Affleck Gray records two each-uisge tales relating to the River Spey in the Cairngorms. The An t-Each Ban was a white water-horse, which despite not being the usual black colour was otherwise "traditional", seeking out travellers on stormy nights in equine form, and leaping with its victims into deep pools. The yellow horse of the Spey was an even more unusual colour and its preferred victims were married couples. Gray also notes that highland each-uisges "appear to have been richly caparisoned", and that if a woman could get ahold of the rich bridles and replace it with a cow shackle then she would have power over the each-uisge for the rest of her life and that the bridle would bring her good fortune.

===Water horses and women===
The each-uisge also has a particular desire for human women. Campbell states that "any woman upon whom it set its mark was certain at last to become its victim." A young woman herding cattle encountered a water horse in the form of a handsome young man who laid his head in her lap and fell asleep. When he stretched himself she discovered that he had horse's hooves and quietly made her escape (in variations of the tale she finds the presence of water weeds or sand in his hair). In another account a water horse in human shape came to a woman's house where she was alone and attempted to court her, but all he got for his unwanted advances was boiling water hurled between his legs. He ran from the house roaring in pain. In a third tale a father and his three sons conspired to kill a water horse that came to the house to see the daughter. When they grabbed the young man he reverted to his equine form and would have carried them into the loch, but in the struggle they managed to slay him with their dirks. Despite its amorous tendencies, however, the each-uisge is just as likely to simply devour women in the same manner as its male victims.

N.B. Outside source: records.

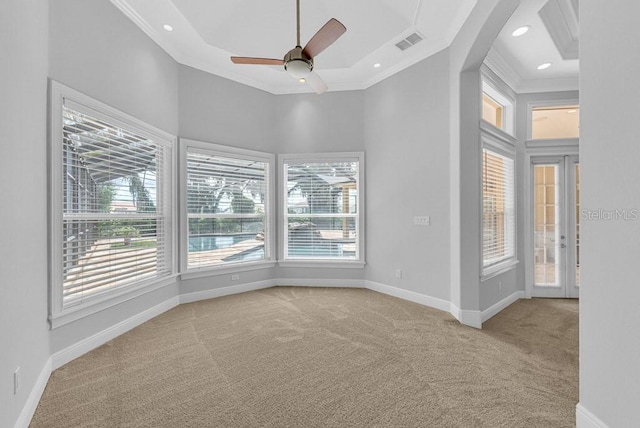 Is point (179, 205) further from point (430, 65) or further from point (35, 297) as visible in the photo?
point (430, 65)

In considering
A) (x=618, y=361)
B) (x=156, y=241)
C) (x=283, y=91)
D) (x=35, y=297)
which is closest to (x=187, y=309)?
(x=156, y=241)

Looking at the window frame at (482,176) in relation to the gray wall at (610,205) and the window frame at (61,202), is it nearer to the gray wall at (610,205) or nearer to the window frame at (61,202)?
the gray wall at (610,205)

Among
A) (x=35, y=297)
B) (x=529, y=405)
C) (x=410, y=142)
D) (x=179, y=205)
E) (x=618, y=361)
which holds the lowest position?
(x=529, y=405)

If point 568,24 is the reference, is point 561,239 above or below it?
below

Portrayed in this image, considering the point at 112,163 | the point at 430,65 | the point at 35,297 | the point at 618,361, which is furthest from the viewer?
the point at 430,65

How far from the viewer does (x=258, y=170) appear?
4.93 metres

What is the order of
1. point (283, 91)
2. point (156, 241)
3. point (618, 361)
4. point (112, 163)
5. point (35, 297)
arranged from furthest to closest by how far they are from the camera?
point (283, 91)
point (156, 241)
point (112, 163)
point (35, 297)
point (618, 361)

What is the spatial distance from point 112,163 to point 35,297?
4.81 ft

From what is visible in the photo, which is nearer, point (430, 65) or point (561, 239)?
point (430, 65)

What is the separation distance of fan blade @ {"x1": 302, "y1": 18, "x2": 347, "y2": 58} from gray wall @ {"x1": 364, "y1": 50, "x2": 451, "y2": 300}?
2059 mm

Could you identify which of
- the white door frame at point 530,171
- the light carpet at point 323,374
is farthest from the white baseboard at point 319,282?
the white door frame at point 530,171

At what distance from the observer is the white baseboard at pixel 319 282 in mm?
4969

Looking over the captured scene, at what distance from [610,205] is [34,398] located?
143 inches

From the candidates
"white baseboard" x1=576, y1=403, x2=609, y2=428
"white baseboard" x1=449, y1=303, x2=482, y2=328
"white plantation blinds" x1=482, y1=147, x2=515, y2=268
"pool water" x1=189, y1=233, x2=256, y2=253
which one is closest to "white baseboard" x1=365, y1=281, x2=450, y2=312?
"white baseboard" x1=449, y1=303, x2=482, y2=328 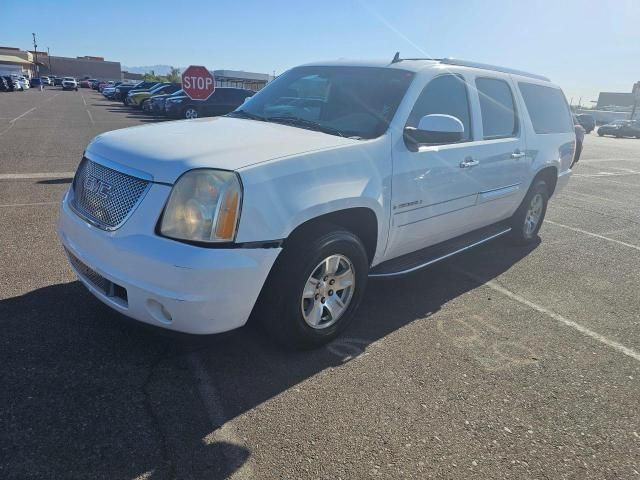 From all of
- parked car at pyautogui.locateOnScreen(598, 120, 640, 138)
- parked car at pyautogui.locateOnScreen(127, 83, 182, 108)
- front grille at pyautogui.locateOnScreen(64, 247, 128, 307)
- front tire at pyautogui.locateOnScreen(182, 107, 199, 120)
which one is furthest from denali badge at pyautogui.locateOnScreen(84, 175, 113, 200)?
parked car at pyautogui.locateOnScreen(598, 120, 640, 138)

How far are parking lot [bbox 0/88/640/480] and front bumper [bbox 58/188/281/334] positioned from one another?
0.18 metres

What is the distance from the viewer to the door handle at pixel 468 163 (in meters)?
4.14

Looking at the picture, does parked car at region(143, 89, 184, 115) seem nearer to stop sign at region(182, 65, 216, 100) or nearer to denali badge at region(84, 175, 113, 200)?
stop sign at region(182, 65, 216, 100)

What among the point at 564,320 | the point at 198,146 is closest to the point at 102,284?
the point at 198,146

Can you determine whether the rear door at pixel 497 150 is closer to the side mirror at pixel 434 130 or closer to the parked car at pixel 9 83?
the side mirror at pixel 434 130

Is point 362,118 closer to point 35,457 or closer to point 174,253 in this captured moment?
point 174,253

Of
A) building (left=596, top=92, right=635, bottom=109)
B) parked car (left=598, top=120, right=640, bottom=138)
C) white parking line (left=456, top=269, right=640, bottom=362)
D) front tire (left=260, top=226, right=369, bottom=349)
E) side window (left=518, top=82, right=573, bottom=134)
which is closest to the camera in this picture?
front tire (left=260, top=226, right=369, bottom=349)

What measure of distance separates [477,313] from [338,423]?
196 cm

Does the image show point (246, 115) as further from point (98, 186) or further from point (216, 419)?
point (216, 419)

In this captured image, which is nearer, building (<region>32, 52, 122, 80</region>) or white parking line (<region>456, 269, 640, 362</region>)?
white parking line (<region>456, 269, 640, 362</region>)

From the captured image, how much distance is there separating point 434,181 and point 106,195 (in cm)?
239

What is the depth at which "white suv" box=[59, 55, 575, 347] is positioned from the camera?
2.62 meters

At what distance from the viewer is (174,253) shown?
254cm

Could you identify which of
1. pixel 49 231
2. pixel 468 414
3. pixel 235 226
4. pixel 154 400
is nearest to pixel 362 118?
pixel 235 226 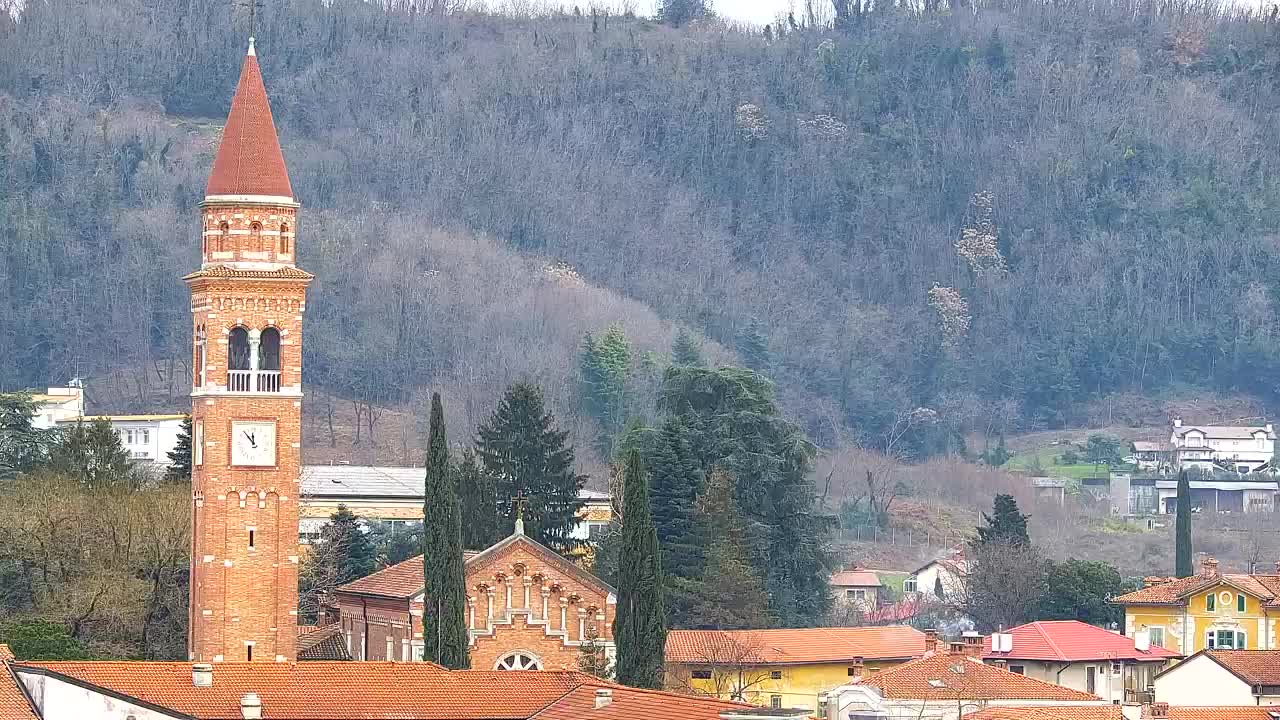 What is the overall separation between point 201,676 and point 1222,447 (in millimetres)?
116035

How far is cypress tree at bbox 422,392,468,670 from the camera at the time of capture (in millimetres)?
71812

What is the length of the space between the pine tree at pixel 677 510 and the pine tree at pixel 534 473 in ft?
7.67

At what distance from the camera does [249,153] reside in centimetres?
7500

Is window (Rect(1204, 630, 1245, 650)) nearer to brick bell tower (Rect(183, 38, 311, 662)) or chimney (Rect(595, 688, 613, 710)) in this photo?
brick bell tower (Rect(183, 38, 311, 662))

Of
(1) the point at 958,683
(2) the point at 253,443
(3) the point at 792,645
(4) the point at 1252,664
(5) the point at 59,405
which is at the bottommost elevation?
(1) the point at 958,683

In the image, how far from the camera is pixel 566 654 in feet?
255

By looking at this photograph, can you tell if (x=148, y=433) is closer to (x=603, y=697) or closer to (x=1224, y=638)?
(x=1224, y=638)

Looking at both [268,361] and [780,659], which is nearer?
[268,361]

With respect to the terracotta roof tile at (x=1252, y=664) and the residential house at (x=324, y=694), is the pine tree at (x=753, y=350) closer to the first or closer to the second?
the terracotta roof tile at (x=1252, y=664)

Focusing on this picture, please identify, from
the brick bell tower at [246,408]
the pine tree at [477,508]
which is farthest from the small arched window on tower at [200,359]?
the pine tree at [477,508]

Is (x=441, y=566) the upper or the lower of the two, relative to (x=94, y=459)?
lower

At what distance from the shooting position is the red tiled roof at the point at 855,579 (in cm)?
12138

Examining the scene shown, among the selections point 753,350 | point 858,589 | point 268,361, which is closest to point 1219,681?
point 268,361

===Maned man of Ireland===
The Irish beast-man with a horse-like mane, which stooped when walking, and could not surely demonstrate the ability to comprehend speech, was an item of Irish Mirabilia, discussed the Old Norse Konungs skuggsjá (Speculum Regale or "the King's Mirror", written in Norway about 1250) (Note: Abridgement of translation by Kuno Meyer: There also happens in this land.. men have caught in a wood a certain animal, of which no man could say whether it was a man or a beast, because men have not heard speech from it.. hair grew all over its body.. [and] a mane as on a horse, etc.–Speculum Regale, Chapter: Irish Mirabilia §13, tr. Meyer) Celticist Kuno Meyer thought this may have been a version of the "half-ox man" related by Giraldus (cf. Gir. II.21). William Sayers (1985) thought it may be connected to the Irish water horse (each uisge) despite lack of connection with water. (Note: Sayers in turn offers comparisons with the Germanic analogues, i.e. nix, English nicker, Swedish and hints at reminiscence to the "Wild Man of the Woods motif".)

==Variants==
The aughisky or Irish water horse is similar in many respects to the Scottish version. It sometimes comes out of the water to gallop on land and, despite the danger, if the aughisky can be caught and tamed then it will make the finest of steeds provided it is not allowed to glimpse the ocean.

The cabyll-ushtey (or cabbyl-ushtey), the Manx water horse, sometimes confused or conflated with the glashtyn, is just as ravenous as the each-uisge though there are not as many tales told about it. One of them recounts how a cabbyl-ushtey emerged from the Awin Dhoo (Black River) and devoured a farmer's cow, then later it took his teenaged daughter.